Pinugay Earth Station
- Established: 1967
- Research type: Satellite ground station
- Location: Baras, Rizal, Philippines 14°35′04.4″N 121°17′37.0″E﻿ / ﻿14.584556°N 121.293611°E
- Operating agency: Philippine Communications Satellite Corporation

= Pinugay Earth Station =

Satellite station in Rizal, Philippines

The Philippine Space Communications Center or the Pinugay Earth Station is a satellite earth station in Baras, Rizal, Philippines under the Philippine Communications Satellite Corporation (Philcomsat).

==History==
The Philippine government had a joint project with the Philippine Communications Satellite Corporation (Philcomsat) to build a ground station. The provisional earth station was established in barangay Pinugay in Baras, Rizal in 1967.

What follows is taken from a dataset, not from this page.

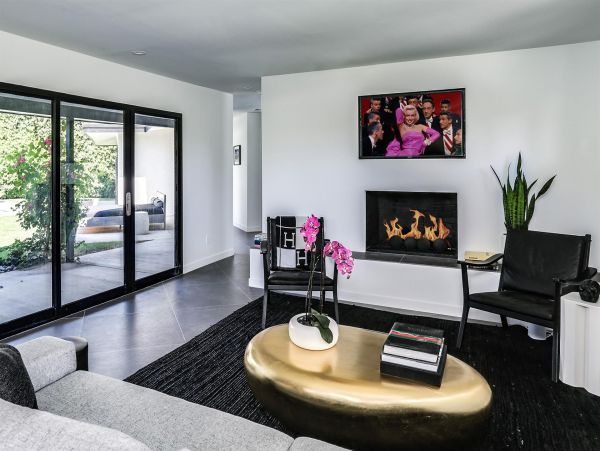 Palm Springs Home 990885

In May 1968, President Ferdinand Marcos formally inaugurated a permanent earth station in Rizal. The first standard "A" antenna, Pinugay I was set up.

The station enabled people based in Asia to watch the broadcast of the Apollo 11 launch in 1969.

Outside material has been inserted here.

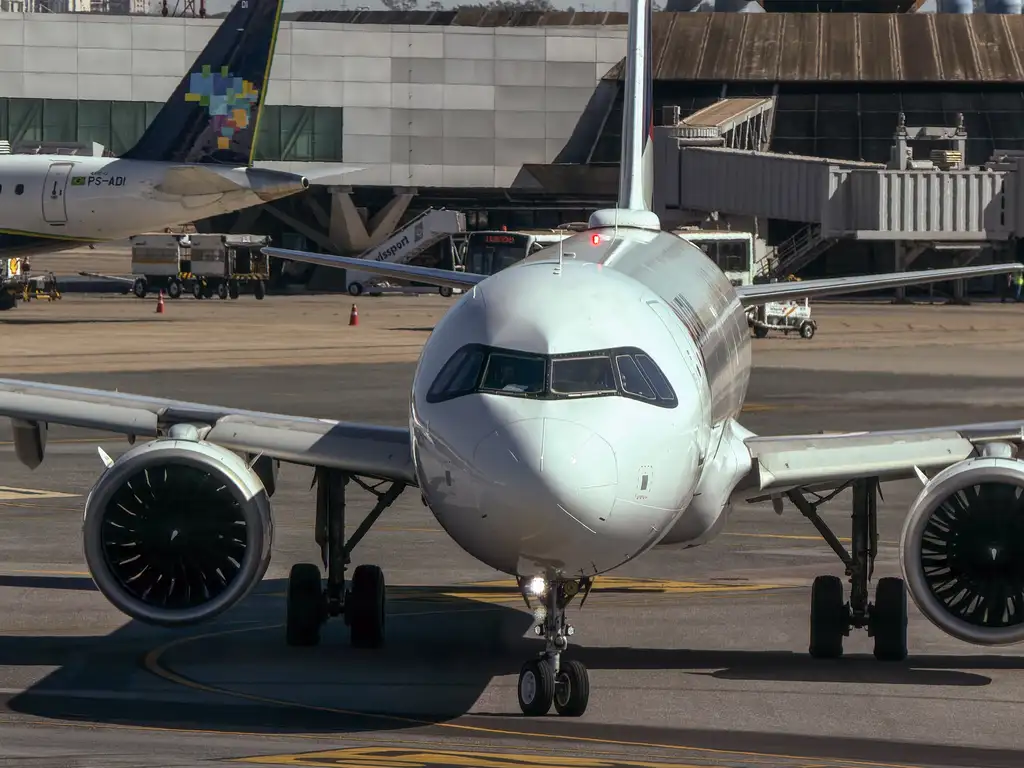 avião aeroporto – Rafa Neddermeyer-Agência Brasil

From 1971 to 1983, Pinugay II, Pinugay III and a standard "B" antenna was set up.

On April 30, 1982, Marcos issued Presidential Decree No. 1845 declaring an 3 km security zone around the site.

The now outdated Pinugay I was superseded by Pinugay IV in 1989.

Despite the declaration the area has been occupied by farmers and in 1992, the Department of Agriculture declared the Pinugay area as under the Comprehensive Agrarian Reform Program (CARP). A land dispute arises which persisted at least the early 2000s.